27.01.2023 14:41 (act. 27.01.2023 20:48)
The army would not be able to protect all of Austria in an emergency. ©APA/HERBERT PFARRHOFER
Five years ago, the risk report still included 25 threats to Austria, now there are 73 – including the war in Ukraine, the dangers of globalization and climate change and the pandemic.
“The world has undoubtedly become even more unstable.” Defense Minister Klaudia Tanner (ÖVP) said on Friday at the presentation of the 2023 security policy report in Vienna.
Brigadier Peter Vorhofer, who presented the risk picture in concrete terms, emphasized the danger of an attack on an EU member state and the danger from the air by planes, drones or rockets.
War in Ukraine “massively” increases risk of attack on EU country
The danger of an attack on an EU member state has been “massively increased” by the war in Ukraine – whether conventional or below the military threshold, Vorhofer stressed. “If the escalation continues, Austria will face another security challenge in the blink of an eye.” This would be the case if the attacked State activated the obligation to provide assistance under the EU Treaty. “Austria must think very, very quickly about solidarity and the duty to provide assistance.”
German defense expert Ulrike Franke of the European Council on Foreign Relations (ECFR) also sees more pressure on Austria. “The issue of neutrality will come up a lot more in the coming years,” she emphasized via video link from London. “Austria is under more pressure than Switzerland, it has to do with EU membership.” The war in Ukraine showed that Europe does not seem to be in a position to act in a self-determined and sovereign way, “but it still needs its big brother, the USA”. Europe must become more sovereign, regardless of who occupies the White House in Washington. The idea of a European defense union is being promoted, Austria must take a stand.

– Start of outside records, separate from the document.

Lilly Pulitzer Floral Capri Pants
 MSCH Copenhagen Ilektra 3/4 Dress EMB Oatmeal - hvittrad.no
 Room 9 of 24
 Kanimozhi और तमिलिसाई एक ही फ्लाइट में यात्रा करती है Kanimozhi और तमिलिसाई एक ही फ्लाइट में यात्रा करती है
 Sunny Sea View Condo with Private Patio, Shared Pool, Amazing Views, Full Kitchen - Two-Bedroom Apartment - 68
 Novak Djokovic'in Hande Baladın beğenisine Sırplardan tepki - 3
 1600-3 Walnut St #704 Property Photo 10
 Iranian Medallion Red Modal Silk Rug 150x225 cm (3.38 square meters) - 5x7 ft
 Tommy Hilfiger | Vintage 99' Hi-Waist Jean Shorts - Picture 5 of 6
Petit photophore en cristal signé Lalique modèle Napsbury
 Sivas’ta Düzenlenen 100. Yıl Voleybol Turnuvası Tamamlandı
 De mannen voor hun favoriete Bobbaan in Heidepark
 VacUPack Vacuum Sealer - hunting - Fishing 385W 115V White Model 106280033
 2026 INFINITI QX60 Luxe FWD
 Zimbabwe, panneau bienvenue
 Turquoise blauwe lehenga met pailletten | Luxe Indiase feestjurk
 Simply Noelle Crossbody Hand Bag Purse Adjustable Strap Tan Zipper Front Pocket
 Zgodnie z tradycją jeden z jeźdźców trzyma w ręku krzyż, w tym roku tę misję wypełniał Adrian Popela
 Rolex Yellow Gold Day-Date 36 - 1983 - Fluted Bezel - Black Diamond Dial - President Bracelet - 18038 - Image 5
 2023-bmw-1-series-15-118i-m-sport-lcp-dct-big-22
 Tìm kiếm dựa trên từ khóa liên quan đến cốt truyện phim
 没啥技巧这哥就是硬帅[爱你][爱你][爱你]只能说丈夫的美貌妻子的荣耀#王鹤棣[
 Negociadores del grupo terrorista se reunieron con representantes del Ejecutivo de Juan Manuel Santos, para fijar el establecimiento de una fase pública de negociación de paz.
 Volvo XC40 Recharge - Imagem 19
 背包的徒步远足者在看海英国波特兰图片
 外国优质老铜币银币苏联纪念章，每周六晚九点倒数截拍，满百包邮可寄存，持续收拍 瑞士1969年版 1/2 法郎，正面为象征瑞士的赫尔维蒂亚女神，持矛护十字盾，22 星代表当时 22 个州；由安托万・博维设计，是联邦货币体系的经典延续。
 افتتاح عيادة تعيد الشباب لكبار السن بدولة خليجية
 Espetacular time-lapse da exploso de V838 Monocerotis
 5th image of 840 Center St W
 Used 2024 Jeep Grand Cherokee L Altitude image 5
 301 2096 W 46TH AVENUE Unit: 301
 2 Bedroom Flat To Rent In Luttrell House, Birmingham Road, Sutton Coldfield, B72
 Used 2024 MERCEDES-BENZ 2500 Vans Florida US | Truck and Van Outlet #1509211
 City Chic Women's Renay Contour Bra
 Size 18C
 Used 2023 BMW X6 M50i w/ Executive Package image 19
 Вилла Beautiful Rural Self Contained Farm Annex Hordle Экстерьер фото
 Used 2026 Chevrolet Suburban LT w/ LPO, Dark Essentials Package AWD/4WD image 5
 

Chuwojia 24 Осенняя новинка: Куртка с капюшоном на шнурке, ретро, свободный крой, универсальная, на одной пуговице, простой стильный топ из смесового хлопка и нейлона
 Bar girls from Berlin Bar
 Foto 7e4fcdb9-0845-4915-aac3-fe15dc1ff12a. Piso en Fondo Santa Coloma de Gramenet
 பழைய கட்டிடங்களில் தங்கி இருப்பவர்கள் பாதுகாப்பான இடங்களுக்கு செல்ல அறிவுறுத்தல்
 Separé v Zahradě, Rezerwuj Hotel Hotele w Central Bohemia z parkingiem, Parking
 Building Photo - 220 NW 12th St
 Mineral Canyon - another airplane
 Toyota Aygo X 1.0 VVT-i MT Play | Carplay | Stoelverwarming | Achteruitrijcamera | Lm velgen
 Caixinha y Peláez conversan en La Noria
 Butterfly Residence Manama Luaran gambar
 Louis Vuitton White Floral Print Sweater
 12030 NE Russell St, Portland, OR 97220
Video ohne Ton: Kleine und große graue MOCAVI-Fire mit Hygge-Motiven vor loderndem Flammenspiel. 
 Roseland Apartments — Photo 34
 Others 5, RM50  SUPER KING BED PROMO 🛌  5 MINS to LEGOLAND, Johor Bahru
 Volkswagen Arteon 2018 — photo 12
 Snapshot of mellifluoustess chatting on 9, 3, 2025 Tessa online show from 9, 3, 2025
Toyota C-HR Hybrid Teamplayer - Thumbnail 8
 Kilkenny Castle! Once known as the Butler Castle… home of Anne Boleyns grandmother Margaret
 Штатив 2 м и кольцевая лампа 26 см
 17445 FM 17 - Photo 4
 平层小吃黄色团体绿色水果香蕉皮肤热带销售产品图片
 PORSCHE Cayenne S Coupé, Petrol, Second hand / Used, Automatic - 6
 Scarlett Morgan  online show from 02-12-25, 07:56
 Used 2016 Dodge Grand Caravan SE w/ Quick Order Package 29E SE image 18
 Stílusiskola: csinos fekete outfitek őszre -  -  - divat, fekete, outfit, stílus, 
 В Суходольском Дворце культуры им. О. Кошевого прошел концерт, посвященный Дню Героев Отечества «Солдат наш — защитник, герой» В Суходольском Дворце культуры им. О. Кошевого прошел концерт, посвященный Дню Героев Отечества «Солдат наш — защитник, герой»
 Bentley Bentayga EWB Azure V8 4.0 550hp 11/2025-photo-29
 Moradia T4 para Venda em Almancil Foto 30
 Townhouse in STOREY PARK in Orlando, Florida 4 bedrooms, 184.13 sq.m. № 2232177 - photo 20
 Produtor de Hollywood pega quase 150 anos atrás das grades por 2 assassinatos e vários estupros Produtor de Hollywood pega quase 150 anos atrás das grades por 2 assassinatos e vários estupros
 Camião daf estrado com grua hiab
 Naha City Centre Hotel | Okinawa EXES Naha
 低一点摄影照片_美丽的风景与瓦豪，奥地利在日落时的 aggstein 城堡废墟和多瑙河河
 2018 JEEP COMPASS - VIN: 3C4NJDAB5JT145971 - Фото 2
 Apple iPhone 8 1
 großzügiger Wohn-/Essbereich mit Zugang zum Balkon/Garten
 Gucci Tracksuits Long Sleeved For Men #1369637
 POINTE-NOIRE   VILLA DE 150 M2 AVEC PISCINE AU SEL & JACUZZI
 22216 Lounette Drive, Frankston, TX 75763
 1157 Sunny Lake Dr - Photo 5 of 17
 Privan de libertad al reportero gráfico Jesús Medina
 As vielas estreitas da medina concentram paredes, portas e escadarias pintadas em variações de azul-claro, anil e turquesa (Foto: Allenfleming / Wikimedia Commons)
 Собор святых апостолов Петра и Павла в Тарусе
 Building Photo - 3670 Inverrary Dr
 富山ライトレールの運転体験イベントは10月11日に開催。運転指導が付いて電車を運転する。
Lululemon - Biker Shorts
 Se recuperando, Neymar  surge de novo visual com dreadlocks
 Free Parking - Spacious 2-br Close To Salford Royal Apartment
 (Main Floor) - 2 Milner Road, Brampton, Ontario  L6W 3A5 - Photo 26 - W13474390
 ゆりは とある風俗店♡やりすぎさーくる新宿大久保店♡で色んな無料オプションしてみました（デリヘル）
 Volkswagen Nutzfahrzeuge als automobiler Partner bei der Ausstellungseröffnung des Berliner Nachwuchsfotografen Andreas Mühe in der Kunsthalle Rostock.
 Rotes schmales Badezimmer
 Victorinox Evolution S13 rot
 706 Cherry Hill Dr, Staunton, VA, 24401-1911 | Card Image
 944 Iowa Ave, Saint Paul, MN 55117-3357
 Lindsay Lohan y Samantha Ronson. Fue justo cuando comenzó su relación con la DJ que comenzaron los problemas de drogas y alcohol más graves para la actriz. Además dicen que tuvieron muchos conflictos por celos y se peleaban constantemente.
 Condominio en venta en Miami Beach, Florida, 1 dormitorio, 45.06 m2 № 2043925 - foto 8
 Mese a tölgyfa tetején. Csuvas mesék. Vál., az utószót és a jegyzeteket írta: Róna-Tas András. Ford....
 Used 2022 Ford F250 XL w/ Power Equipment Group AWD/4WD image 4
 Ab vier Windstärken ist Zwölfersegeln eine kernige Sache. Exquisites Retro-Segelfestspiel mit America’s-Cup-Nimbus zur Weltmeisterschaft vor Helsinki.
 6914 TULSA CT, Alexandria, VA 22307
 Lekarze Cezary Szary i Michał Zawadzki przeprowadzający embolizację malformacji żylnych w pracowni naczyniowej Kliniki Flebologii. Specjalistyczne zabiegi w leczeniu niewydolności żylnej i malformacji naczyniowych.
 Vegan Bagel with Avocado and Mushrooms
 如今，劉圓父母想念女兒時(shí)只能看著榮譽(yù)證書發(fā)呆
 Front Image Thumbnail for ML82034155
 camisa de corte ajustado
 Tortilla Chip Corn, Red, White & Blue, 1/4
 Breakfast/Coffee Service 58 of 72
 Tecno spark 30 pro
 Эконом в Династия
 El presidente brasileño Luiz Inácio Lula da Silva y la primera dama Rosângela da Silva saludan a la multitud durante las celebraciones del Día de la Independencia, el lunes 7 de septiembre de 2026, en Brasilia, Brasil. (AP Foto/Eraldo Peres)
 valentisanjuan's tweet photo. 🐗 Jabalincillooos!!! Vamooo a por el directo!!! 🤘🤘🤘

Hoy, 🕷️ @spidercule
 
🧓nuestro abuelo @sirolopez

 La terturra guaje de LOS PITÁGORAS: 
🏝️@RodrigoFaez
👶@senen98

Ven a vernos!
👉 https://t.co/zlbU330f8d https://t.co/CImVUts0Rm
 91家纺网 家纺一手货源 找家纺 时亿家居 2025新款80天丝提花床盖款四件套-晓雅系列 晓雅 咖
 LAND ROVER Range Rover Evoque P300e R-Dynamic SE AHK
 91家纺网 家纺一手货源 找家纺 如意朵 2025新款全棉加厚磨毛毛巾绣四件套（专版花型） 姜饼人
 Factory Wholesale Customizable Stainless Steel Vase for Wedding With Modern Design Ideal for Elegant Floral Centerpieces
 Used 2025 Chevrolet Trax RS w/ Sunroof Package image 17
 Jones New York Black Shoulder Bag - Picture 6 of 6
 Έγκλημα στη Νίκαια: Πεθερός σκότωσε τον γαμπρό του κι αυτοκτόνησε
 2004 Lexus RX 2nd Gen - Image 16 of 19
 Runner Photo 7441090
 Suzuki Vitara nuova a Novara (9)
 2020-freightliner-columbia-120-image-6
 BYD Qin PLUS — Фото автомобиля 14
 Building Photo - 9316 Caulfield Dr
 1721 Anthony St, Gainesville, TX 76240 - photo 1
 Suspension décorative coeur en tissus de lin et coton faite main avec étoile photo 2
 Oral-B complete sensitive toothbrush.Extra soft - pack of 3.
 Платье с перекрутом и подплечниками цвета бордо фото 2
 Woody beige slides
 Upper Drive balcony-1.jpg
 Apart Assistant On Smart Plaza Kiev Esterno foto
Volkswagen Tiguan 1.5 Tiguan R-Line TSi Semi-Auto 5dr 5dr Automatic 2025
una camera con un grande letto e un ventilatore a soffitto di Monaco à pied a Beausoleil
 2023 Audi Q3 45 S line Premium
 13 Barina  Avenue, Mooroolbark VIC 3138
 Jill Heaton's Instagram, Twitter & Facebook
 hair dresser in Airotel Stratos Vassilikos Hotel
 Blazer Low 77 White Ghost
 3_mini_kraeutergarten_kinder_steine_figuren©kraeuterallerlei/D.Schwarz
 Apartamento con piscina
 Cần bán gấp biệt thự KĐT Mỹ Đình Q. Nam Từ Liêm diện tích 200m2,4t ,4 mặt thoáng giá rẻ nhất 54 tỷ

Austrian army unable to protect all of Austria
Brigadier Bruno Günter Hofbauer said very clearly about the armaments situation in Europe: “We are not prepared”. There is “no European defense planning”. Existing plans refer to “out of area” territory outside the EU. But also in Austria: “55,000 Austrian soldiers are not in a position to protect the entire federal territory”, explained Hofbauer. It is important to be in the right place at the right time with the help of technology.
Tanner said “there’s no getting around the fact that we have to catch up” so the army can do its job of protecting the population. In addition to hybrid threats, those of conventional warfare also gained importance. With the budget increase of 16 billion euros for four years, Austria can “make a lot of investments”.
Risk Report 2023 also includes globalization and climate change
Military expert Franz-Stefan Gady of the International Institute for Strategic Studies (IISS) emphasized that two approaches could be derived from the war in Ukraine. It is important for the armed forces to dominate the “combined arms battle”, that is, the interaction of all branches of arms. And the armed forces would also have to be able to regenerate in an emergency. Gady proposed enlisting “good people” as reservists and making militia drills mandatory. “Enhancing conventional deterrence is like an insurance policy.” According to Gady, this reduces the risk of war. The expert also urged not to overlook “the nuclear dimension” of the war in Ukraine.
The 262-page “Risk picture 2023” report is not just about aspects of defense policy. The dangers of globalization through mutual dependencies, climate change, pandemic or war against the European economy are also explained.
Blackout danger in Austria: Concrete plan approved
Gerhard Christiner, CEO of Austrian Power Grid AG, spoke about the risk of a blackout. He called for a concrete plan for Austria’s energy transition. Wind farms were built before there were power grids and approval processes took a long time. “If we continue to drive so recklessly, there is a risk of having a blackout at some point,” he warned.
The Advocate General of Raiffeisen’s Austrian Association, Erwin Hameseder, addressed the “dramatic” economic effects of the war in Ukraine and sanctions against Russia. Being dependent on multiple regimes means vulnerability. It is “the need of the moment that we move away from this dependence little by little”.